▶ [Activity] Quote word for word from the line holding "2023 Volkswagen Bora" to the last line below, including both, and omit any pictures.

*** Opening Provided material ***

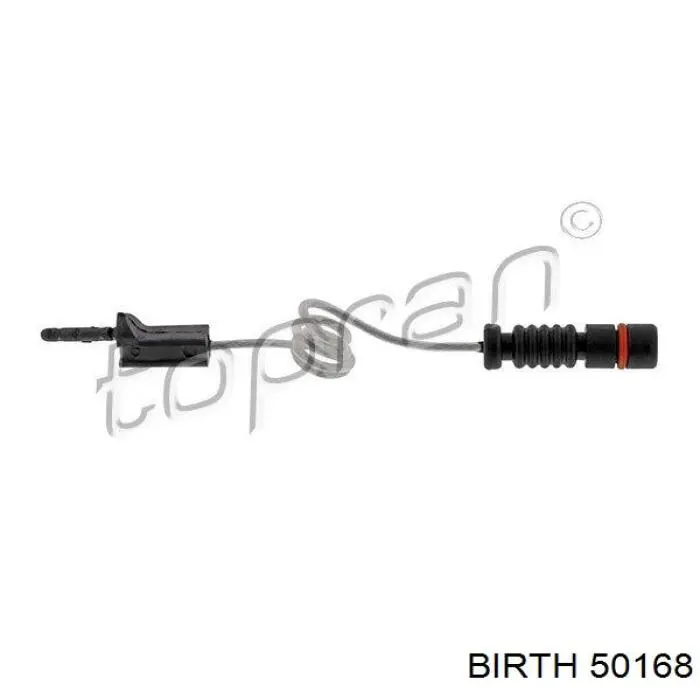 Гидроопора двигателя левая Birth 50168 цена, от 28.94 USD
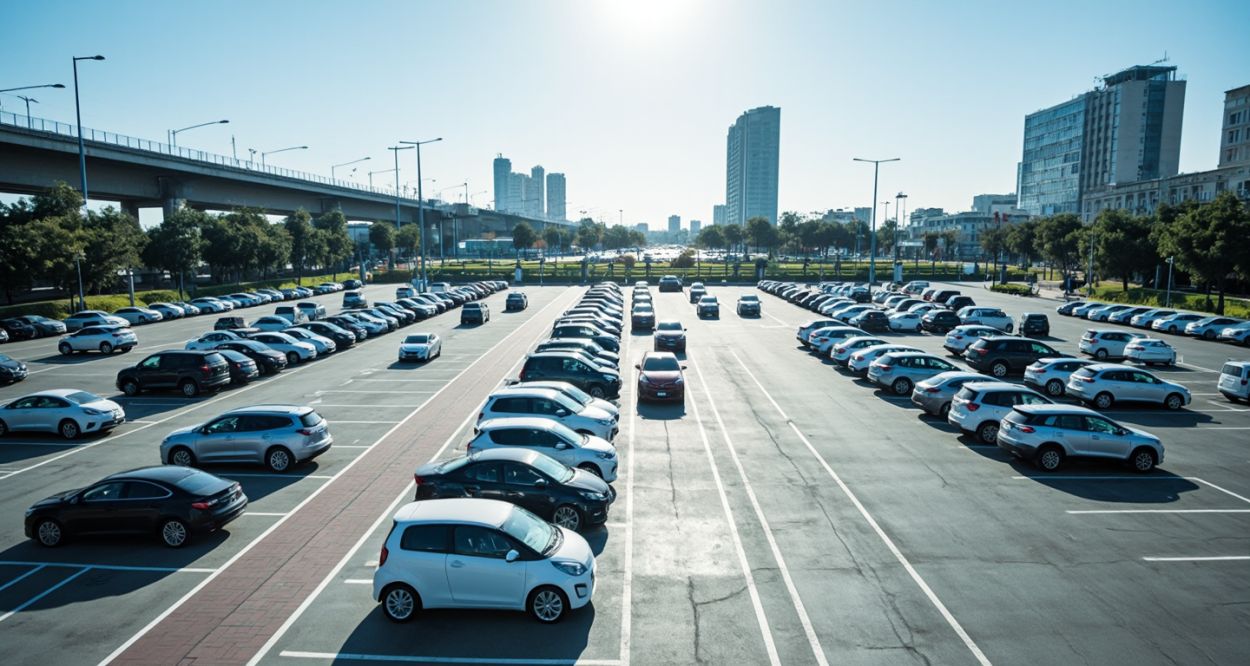 郑州神州租车：城市出行新风尚轮播图1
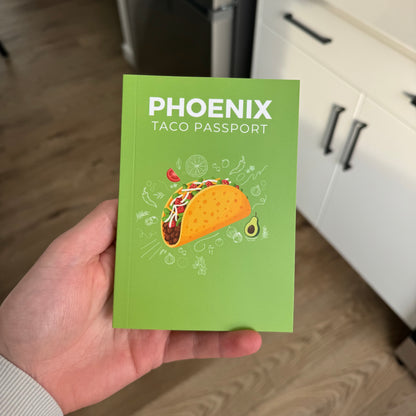 Phoenix Taco Passport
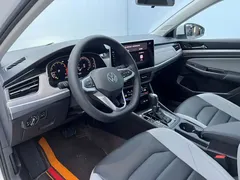 2023 Volkswagen Bora 280TSI DSG, белый — фото 9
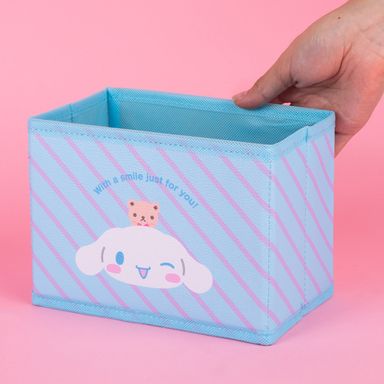 Organizador de Tela Serie Sanrio Cinnamoroll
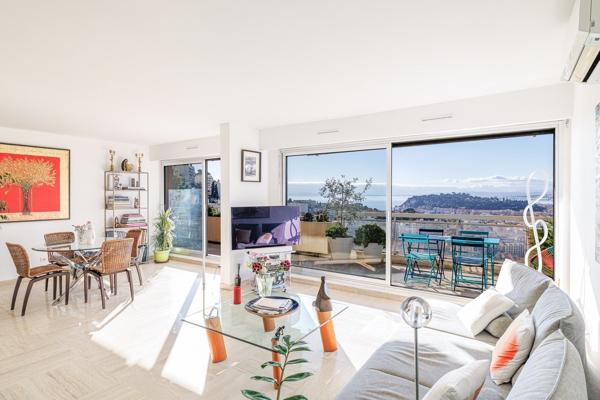 Vente Appartement de luxe Nice 4 Pièces 102 m²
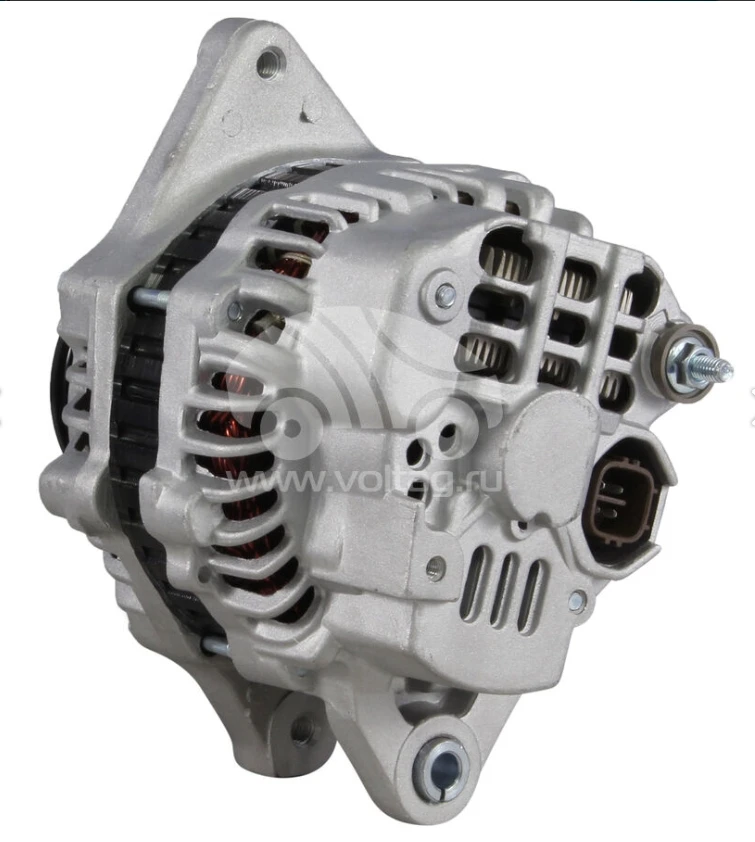 

Генератор автомобильный для HONDA City/Fit/Airwave A5TB0091 KR ALM1897BS BO 0986080570KR ALM1897GB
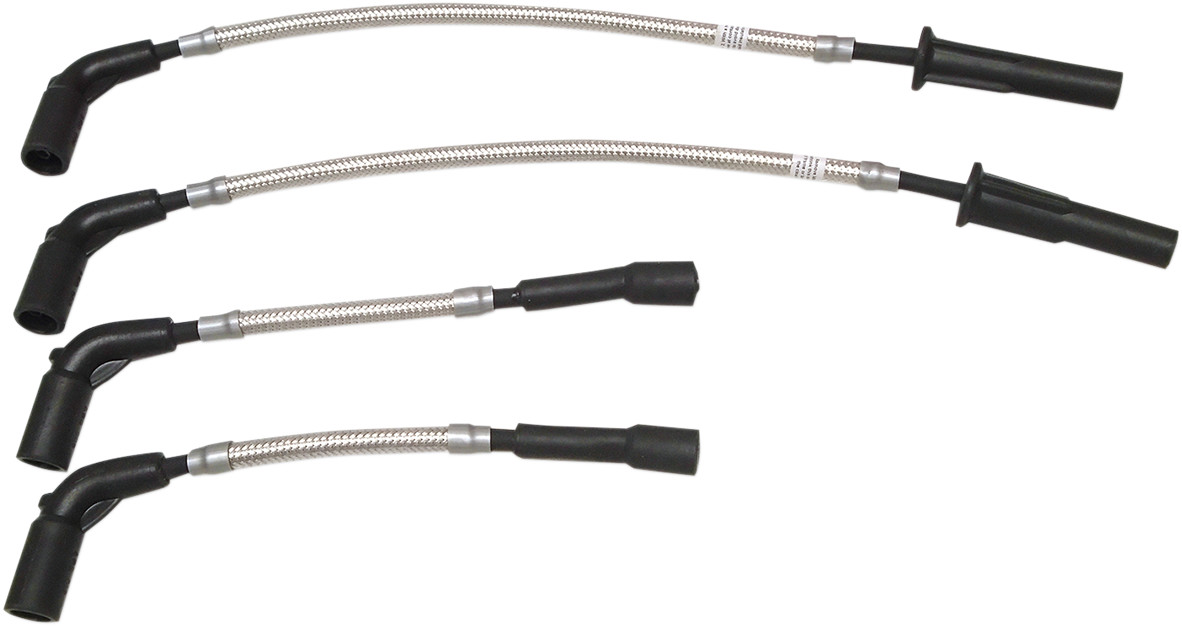 MAGNUM SHIELDING Braided Spark Plug Wire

*** Closing Provided material ***

▶ [Completed exercise]
 2023 Volkswagen Bora 280TSI DSG, белый — фото 9
 Organizador de Tela Serie Sanrio Cinnamoroll
 Vente Appartement de luxe Nice 4 Pièces 102 m²

Генератор автомобильный для HONDA City/Fit/Airwave A5TB0091 KR ALM1897BS BO 0986080570KR ALM1897GB
 MAGNUM SHIELDING Braided Spark Plug Wire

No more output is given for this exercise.